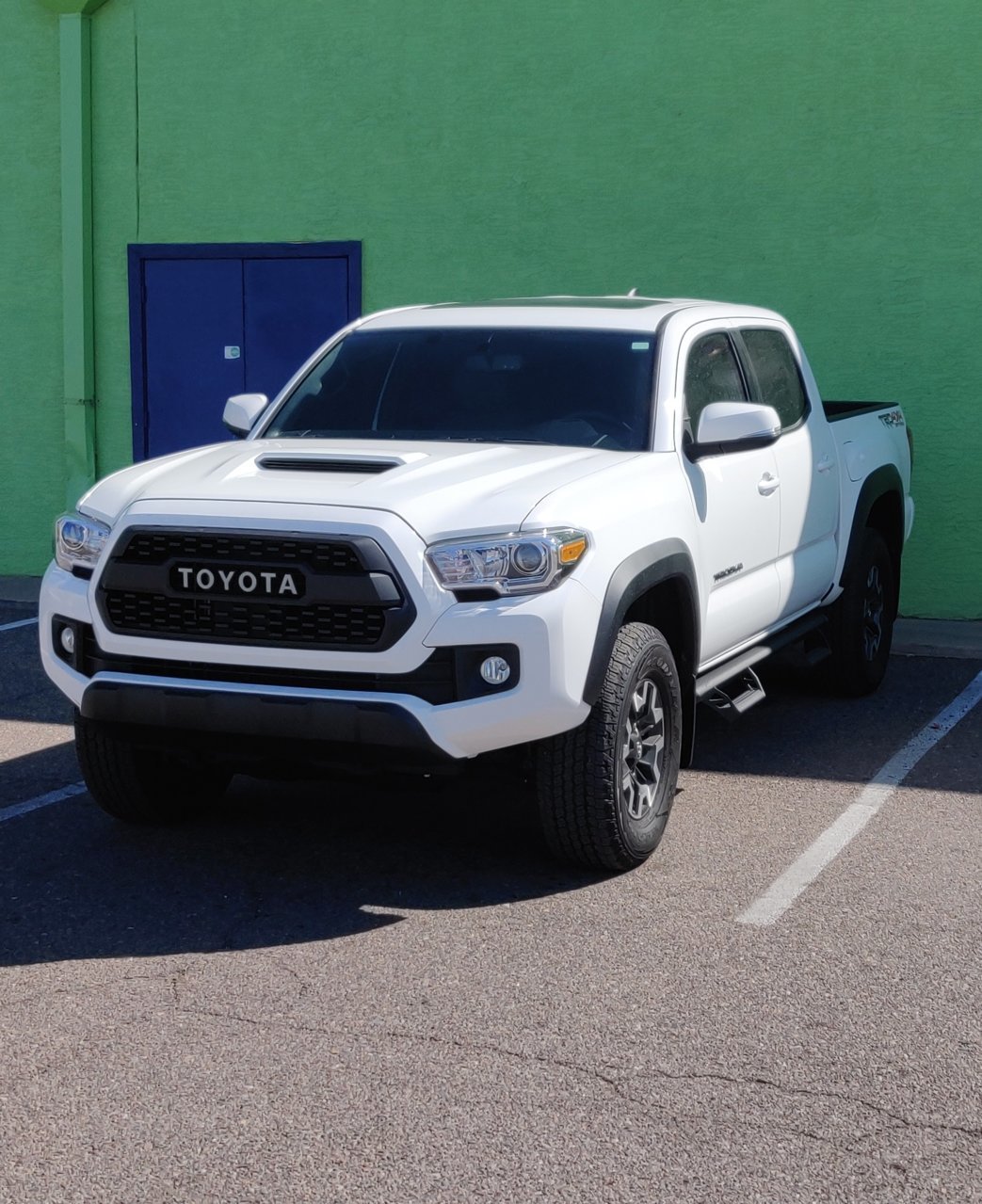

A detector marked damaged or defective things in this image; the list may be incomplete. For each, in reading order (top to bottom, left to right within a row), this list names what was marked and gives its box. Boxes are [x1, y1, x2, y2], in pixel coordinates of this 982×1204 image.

cracked pavement [0, 602, 978, 1204]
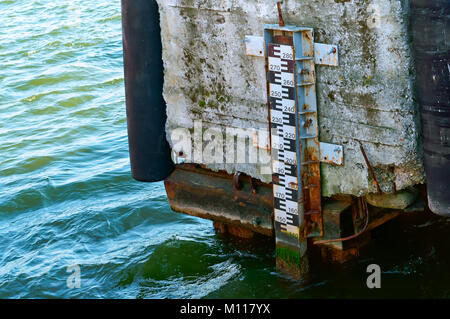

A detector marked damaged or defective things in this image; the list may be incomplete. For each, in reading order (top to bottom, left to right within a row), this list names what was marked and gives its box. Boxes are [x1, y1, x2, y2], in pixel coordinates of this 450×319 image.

corroded metal pipe [121, 0, 174, 181]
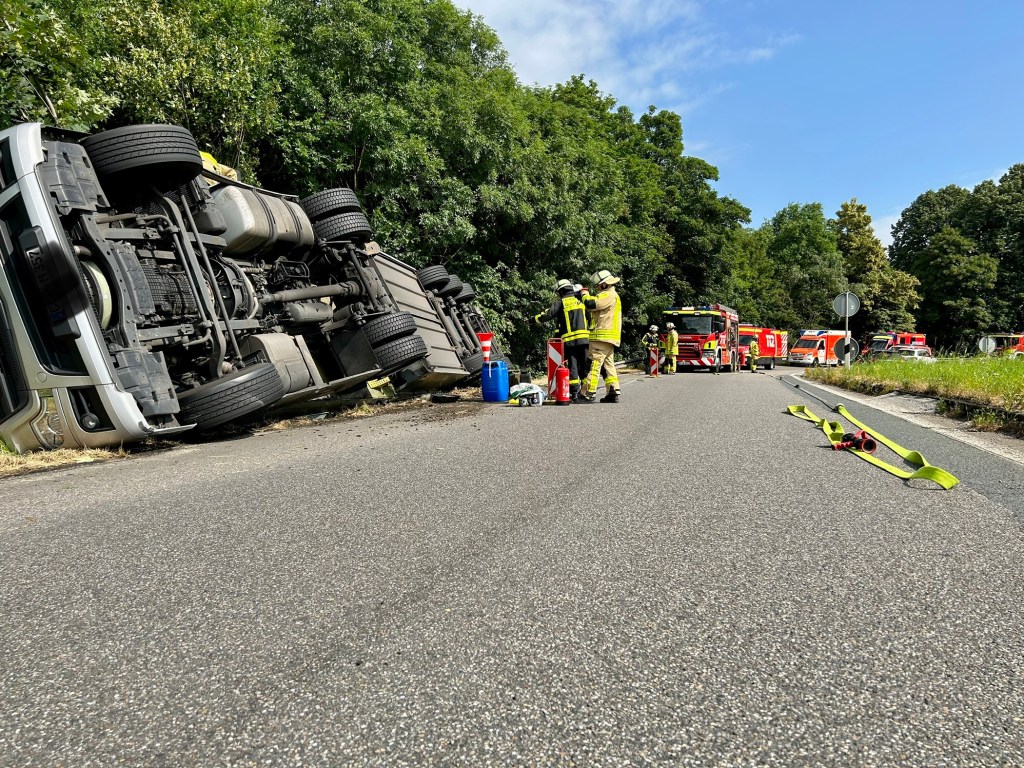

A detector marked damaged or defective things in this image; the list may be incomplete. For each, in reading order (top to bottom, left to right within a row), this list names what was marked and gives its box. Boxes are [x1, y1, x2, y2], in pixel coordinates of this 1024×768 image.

overturned truck [0, 123, 503, 454]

## DIRECTIONS FOR THIS TASK
The lines from the one containing "this 450×319 image." through the last line above are to be repeated exactly, and only those. Any pictures must be left out.

## ANSWER FOR THIS EXERCISE
A detector marked damaged or defective things in this image; the list may be incomplete. For each, in reading order (top to bottom, left to right within a row), this list names what was marked and gives its box. Boxes are [x1, y1, x2, y2], in pixel coordinates of this 450×319 image.

corroded metal pipe [121, 0, 174, 181]

A detector marked damaged or defective things in this image; the list may be incomplete. For each, in reading order (top to bottom, left to right within a row), this list names what was marked and gives its box. Boxes are [x1, y1, x2, y2], in pixel coordinates of this 1024×768 image.

overturned truck [0, 123, 503, 454]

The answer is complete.